> **What the exercise asks**:
Your answer must consist of exactly the lines below, starting with the line with "Vanity Desk with" and going on through the line with "Multi pockets Custom", and nothing else.

Records from a data collection
========

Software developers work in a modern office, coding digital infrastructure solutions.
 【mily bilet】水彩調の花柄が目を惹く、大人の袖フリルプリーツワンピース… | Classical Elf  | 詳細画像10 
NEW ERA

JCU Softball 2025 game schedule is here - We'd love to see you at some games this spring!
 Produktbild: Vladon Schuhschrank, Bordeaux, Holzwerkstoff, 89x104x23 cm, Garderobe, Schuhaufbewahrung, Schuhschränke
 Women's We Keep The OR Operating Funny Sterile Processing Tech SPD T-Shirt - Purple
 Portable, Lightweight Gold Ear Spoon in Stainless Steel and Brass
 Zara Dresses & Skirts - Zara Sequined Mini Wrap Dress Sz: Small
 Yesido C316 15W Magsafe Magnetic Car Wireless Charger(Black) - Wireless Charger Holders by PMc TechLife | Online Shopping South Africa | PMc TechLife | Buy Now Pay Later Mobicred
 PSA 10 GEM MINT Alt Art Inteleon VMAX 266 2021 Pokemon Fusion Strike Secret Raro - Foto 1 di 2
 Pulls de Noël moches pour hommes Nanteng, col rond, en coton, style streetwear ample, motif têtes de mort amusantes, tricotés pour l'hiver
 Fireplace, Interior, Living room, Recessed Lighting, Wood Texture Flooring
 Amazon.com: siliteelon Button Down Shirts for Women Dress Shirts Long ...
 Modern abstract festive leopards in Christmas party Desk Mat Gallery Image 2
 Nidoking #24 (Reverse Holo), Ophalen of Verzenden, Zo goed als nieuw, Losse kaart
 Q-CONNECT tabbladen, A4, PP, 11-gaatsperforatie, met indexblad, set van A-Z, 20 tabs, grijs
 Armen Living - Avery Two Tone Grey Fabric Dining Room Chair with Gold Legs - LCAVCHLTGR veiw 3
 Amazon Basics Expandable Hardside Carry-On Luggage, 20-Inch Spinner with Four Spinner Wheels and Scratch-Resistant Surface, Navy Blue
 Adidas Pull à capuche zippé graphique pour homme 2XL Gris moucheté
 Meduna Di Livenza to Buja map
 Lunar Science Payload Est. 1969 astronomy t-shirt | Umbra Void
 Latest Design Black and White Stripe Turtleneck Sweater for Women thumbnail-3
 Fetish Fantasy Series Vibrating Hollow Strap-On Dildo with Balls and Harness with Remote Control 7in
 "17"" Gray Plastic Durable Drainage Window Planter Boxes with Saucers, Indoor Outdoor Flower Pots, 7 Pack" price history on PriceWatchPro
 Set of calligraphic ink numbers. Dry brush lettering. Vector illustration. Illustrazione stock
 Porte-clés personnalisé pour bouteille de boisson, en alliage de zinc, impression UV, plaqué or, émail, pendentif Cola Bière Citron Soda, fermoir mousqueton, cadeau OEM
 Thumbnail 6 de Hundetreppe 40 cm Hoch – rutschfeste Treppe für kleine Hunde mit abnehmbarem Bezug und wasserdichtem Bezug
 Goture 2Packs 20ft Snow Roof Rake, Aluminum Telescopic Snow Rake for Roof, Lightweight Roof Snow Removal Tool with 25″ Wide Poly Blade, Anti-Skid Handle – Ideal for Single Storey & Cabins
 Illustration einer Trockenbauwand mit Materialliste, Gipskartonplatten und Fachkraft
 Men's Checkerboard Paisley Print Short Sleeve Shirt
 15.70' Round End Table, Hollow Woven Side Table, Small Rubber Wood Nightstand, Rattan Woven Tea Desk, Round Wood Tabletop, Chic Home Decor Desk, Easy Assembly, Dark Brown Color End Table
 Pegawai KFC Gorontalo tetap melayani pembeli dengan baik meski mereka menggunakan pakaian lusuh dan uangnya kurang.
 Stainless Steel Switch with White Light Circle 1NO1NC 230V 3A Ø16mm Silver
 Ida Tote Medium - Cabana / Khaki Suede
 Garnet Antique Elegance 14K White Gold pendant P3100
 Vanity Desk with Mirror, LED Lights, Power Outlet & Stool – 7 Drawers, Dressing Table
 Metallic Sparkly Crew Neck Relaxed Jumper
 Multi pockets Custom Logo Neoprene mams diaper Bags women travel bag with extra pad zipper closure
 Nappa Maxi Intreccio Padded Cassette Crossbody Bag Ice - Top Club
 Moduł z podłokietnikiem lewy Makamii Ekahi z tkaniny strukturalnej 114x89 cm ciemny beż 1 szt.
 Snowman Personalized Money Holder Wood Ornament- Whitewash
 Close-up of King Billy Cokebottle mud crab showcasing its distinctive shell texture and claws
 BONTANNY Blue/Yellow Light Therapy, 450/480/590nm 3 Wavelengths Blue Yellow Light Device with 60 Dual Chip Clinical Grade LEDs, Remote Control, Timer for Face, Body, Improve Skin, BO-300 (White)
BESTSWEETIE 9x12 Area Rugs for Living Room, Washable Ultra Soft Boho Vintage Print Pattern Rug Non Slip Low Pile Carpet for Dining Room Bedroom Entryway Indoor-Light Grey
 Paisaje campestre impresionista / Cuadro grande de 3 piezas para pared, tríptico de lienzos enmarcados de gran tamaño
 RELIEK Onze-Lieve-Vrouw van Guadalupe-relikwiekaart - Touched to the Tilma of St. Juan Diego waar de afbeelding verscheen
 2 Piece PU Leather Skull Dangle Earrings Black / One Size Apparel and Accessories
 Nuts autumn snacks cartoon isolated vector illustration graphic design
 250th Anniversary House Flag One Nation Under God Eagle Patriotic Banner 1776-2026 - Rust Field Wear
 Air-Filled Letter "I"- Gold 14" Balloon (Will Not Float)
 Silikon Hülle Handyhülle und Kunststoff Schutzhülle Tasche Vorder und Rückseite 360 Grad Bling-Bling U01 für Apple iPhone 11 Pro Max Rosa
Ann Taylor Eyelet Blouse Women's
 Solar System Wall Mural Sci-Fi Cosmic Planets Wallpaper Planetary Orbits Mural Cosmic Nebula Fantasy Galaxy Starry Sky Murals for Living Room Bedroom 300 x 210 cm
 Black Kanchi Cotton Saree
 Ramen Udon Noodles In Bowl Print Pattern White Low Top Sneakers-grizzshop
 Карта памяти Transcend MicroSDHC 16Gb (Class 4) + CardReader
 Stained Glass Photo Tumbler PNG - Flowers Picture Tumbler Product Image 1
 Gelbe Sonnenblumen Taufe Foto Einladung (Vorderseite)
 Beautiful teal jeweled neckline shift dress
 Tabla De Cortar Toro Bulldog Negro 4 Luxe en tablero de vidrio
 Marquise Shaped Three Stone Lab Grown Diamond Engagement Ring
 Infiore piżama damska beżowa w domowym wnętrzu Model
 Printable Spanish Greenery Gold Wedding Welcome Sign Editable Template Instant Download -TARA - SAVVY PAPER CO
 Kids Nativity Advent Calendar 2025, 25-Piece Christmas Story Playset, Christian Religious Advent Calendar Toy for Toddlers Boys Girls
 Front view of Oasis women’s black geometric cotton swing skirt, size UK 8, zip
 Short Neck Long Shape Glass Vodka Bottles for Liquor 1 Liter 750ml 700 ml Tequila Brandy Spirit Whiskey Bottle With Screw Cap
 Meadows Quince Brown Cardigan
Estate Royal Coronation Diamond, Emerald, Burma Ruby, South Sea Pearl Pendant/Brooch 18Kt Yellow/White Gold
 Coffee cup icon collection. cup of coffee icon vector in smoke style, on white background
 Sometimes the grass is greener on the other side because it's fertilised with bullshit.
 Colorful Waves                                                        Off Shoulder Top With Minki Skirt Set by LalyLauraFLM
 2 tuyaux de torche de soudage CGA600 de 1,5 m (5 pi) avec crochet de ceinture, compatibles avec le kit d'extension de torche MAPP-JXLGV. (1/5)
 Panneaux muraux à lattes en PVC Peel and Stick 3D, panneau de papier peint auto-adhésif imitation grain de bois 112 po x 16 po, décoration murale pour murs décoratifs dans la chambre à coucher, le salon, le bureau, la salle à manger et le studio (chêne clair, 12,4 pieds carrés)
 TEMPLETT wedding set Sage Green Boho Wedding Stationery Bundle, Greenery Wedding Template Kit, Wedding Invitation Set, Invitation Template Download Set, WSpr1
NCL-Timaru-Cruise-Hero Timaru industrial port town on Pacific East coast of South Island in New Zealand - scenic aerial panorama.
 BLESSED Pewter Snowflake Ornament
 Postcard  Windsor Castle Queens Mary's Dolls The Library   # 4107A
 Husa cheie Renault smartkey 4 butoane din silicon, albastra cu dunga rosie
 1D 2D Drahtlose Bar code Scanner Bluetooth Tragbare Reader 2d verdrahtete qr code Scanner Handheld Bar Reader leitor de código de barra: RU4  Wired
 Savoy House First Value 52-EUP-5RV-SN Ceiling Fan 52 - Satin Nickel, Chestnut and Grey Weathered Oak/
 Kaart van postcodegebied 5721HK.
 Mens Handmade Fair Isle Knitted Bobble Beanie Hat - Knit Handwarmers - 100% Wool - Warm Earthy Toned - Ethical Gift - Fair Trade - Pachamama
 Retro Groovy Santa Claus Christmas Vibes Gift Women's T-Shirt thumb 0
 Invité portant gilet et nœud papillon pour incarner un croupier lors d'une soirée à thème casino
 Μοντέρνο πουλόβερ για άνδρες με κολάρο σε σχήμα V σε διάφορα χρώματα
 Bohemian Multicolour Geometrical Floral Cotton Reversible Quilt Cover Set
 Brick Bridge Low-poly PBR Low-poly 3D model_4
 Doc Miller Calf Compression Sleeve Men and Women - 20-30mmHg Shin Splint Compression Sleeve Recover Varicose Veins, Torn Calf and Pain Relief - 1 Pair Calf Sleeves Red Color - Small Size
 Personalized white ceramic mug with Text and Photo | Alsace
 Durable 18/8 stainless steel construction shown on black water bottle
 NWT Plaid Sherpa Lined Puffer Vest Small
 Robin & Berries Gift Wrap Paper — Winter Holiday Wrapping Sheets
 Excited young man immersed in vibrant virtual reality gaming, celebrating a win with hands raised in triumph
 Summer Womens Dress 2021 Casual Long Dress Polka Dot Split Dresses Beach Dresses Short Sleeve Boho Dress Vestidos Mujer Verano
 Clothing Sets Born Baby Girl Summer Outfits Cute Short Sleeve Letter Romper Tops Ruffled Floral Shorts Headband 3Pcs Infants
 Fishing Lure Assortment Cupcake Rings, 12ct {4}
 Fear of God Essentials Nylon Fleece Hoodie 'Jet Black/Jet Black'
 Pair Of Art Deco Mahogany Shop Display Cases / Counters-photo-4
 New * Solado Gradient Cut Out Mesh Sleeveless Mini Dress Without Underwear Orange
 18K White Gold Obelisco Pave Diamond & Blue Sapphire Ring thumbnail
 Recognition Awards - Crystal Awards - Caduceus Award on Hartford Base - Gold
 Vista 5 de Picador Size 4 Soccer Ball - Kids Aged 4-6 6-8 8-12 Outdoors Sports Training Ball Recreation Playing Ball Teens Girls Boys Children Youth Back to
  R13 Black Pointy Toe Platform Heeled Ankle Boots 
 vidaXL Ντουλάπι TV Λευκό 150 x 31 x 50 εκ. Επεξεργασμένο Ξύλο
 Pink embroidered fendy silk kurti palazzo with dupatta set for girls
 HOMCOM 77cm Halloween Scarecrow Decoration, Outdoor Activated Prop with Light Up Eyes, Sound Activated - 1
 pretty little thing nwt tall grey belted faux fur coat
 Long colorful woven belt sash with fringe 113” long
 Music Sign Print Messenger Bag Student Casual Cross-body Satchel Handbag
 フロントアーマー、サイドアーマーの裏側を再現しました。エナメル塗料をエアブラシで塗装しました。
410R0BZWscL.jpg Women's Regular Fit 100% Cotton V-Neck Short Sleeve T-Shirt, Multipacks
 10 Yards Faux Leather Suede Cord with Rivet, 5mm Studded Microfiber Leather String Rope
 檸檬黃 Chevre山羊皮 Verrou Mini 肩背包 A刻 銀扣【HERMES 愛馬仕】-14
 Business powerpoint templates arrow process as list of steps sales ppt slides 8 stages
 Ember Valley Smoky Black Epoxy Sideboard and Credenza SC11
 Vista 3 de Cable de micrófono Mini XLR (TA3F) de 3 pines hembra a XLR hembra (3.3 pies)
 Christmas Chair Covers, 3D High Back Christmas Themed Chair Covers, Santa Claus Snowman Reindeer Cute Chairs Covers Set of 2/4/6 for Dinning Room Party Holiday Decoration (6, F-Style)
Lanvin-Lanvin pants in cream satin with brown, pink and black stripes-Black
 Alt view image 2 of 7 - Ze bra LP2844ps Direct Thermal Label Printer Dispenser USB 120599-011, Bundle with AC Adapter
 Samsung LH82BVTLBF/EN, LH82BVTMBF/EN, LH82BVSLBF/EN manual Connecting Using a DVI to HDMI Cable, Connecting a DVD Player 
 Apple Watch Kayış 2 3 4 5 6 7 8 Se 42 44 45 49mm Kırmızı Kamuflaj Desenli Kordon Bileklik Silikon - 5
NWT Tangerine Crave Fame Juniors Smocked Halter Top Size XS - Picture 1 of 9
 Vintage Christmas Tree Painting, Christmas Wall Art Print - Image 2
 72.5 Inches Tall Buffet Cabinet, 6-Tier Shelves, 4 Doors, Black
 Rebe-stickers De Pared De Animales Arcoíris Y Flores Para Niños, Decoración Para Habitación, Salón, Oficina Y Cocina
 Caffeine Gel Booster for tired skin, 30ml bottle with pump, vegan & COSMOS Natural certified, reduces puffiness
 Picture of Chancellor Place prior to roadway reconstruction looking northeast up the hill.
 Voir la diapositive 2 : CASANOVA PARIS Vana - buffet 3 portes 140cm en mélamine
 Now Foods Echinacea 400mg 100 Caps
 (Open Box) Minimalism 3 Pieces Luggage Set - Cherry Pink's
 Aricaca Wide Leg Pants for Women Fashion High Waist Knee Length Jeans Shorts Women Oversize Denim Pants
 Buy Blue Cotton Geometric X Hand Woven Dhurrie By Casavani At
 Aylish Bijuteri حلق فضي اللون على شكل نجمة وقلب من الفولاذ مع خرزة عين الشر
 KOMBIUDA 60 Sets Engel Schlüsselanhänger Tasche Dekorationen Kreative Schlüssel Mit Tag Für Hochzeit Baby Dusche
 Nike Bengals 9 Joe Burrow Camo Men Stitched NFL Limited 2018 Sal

========

> **Answer box**:
 Vanity Desk with Mirror, LED Lights, Power Outlet & Stool – 7 Drawers, Dressing Table
 Metallic Sparkly Crew Neck Relaxed Jumper
 Multi pockets Custom Logo Neoprene mams diaper Bags women travel bag with extra pad zipper closure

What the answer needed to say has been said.